It was not a very pleasant prospect, especially with Rosamond’s clear eyes observing everything in the interior, and carrying back her report to the world. However, all this had to be faced courageously. She had undertaken the burden, and she must fit it to her back. No one could help her with it, nor was it fit that she should desire to elude it. It was henceforward her work in the world, and to comfort her husband in his discontentment; to charm it away; to persuade him that things were better than he thought; and, lastly and chiefly, to make them so, was her occupation, the trust she had received. She did not confess either to him or any one the alarm it gave her. She laughed him quietly out of his depression. “You will see things will arrange themselves,” she said. But it must be confessed that when Evelyn set out, surrounded by every luxury, with a railway director to hand her into a special carriage, and all the officials, great and small, bowing down before the great Indian railway man, she was disposed to think all this honour and glory something like a farce, considering what she was going to.

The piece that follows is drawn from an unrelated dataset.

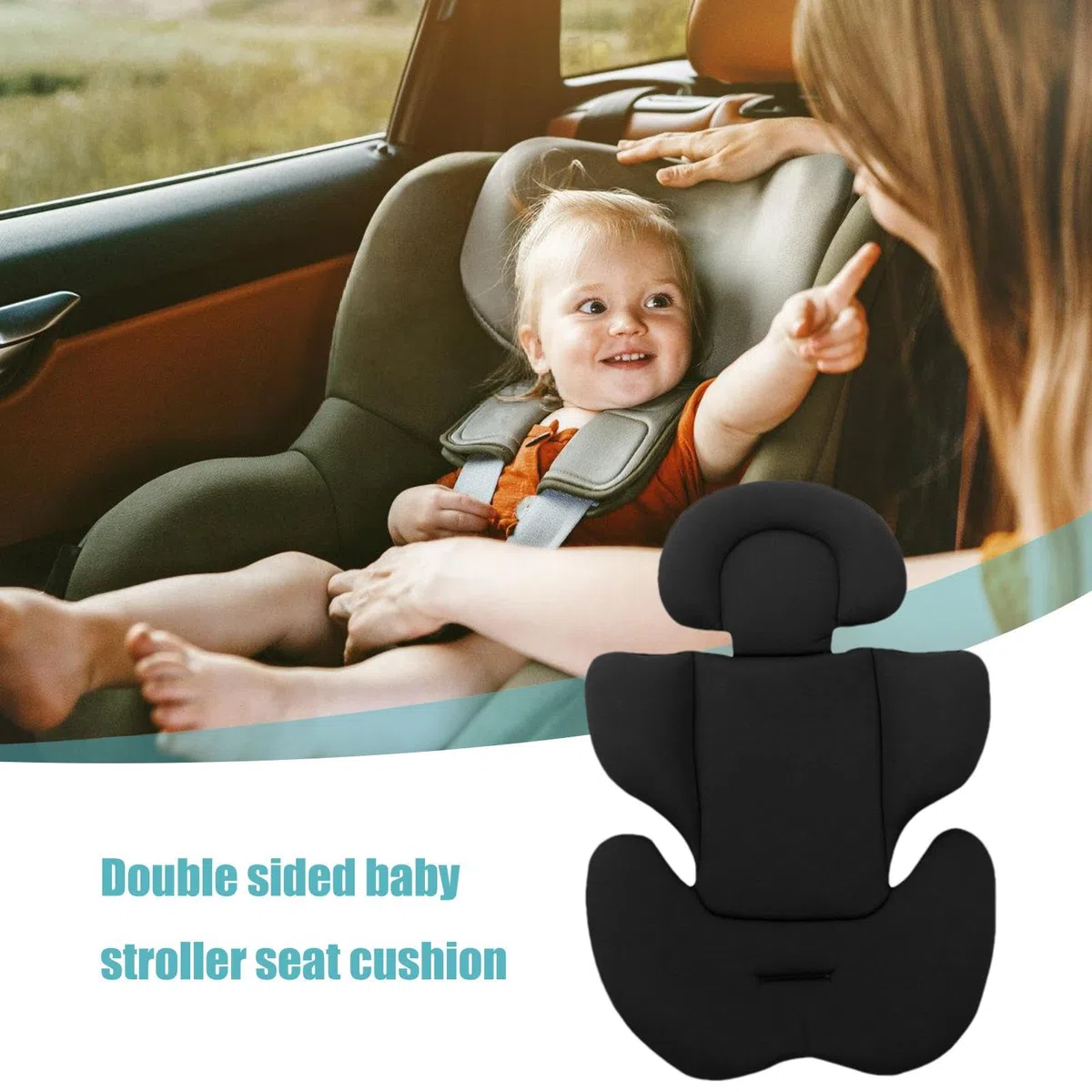 Soporte para la cabeza del asiento de coche para recién nacidos, cojín para cochecito de bebé | Soporte para cabeza y cuerpo de asiento de coche | Almohadilla de inserción para asiento de cabeza y cue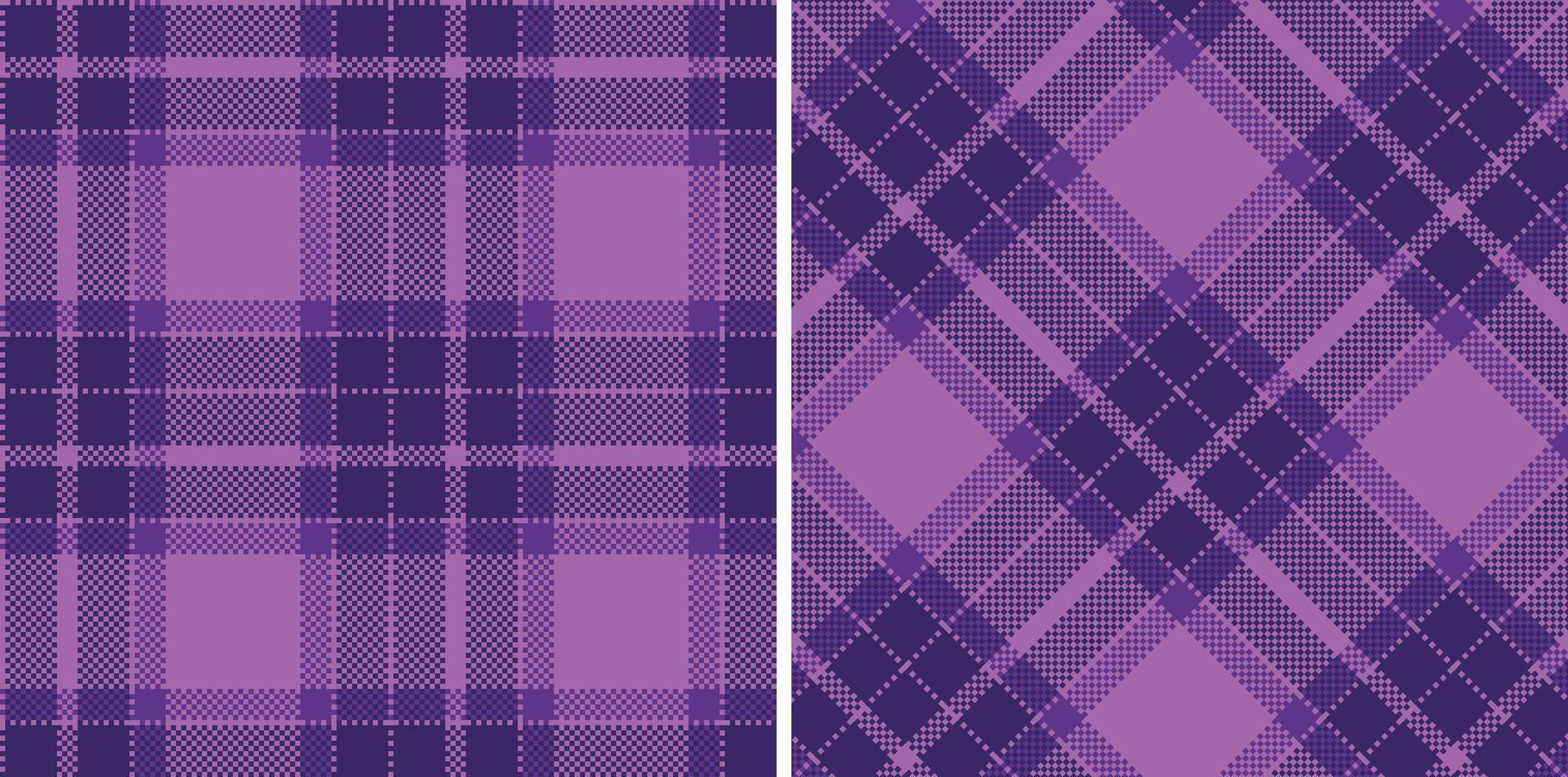 Pastel Soft Purple and Rich Dark Indigo Seamless Madras Plaid Textile Design vector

Had she travelled in the simplest way, nobody taking any notice, with the humblest quiet house awaiting her, without these “complications,” how much more light-hearted would she have been! But fortunately James liked the attention of the railway people: a King’s Cross director was an important functionary in his eyes. The inspectors and porters to him were like the regiment to a military man. It was agreeable to have the recognition that he was somebody, that his life had not been spent in vain.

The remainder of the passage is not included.